When Imaging Misses Disease, Surgery Tells the Full Story
In this case study, Dr. Karli Goldstein examines the role of endometriosis mapping and whether it is truly groundbreaking or, in some cases, overinterpreted.
Advanced imaging has become an increasingly discussed tool in endometriosis care. Mapping technology is often promoted as a way to identify deep disease before surgery and assist with operative planning. While imaging can provide helpful information, this case highlights an important truth: it does not always tell the full story.
In this patient, the scan identified certain findings. However, it failed to detect widespread disease that was later discovered in the operating room during meticulous surgical evaluation.

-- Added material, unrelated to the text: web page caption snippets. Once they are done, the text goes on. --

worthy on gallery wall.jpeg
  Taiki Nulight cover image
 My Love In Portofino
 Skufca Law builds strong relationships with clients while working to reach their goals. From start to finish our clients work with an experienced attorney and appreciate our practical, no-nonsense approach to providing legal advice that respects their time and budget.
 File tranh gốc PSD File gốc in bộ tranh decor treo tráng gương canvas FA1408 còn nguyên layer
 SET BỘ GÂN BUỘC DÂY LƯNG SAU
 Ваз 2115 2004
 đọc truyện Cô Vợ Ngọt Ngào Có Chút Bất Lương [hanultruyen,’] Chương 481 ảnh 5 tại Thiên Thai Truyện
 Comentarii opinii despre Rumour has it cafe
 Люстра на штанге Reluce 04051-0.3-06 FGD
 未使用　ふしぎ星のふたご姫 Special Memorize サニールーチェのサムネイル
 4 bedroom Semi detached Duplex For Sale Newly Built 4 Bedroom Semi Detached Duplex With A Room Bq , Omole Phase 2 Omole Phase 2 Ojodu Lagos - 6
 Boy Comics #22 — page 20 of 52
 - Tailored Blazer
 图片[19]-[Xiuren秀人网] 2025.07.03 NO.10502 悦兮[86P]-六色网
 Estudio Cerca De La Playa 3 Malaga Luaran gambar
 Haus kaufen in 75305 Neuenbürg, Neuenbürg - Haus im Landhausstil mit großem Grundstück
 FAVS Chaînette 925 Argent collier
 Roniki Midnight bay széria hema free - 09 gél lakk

If you have been told your imaging is normal but your symptoms persist, this discussion is especially important.
What You Will Learn
- What endometriosis mapping is designed to detect and where its limitations lie
- How imaging findings compared to what was ultimately discovered during surgery
- Which areas of disease were missed on imaging, including uterosacral ligament disease, rectal involvement, bladder endometriosis, and appendiceal endometriosis
- Why identifying 50 to 60 percent of lesions still leaves significant disease undetected
- Why imaging should be viewed as a roadmap rather than a definitive diagnosis
What the Imaging Showed Versus What Surgery Revealed
In this case, imaging labeled several critical areas as normal, including the uterosacral ligaments and the vesicouterine compartment. Rectal disease was not clearly identified. Appendiceal endometriosis was not detected.
During surgery, those same areas were found to contain significant endometriosis.
Overall, imaging identified approximately 50 to 60 percent of the lesions present. While that percentage may sound reassuring, it also means that nearly half of the disease remained hidden until direct surgical visualization.
For patients with complex or deep infiltrating disease, this distinction can significantly affect surgical planning, symptom resolution, and long term outcomes.
This Case Is Especially Relevant for Patients Who Are
- Experiencing persistent pelvic pain despite normal or inconclusive imaging
- Considering excision surgery for suspected or confirmed endometriosis
- Trying to understand how imaging fits into comprehensive, expert-level endometriosis care
The Takeaway
Imaging can be a helpful and informative tool. It can assist in surgical preparation and raise suspicion for deeper disease. However, it does not replace a thorough patient history, careful clinical evaluation, and a surgical team prepared to evaluate and treat all potential areas of endometriosis.
This case is a powerful reminder that clear imaging does not always mean a clear pelvis.
If you are navigating ongoing pain or considering excision surgery, individualized evaluation remains essential.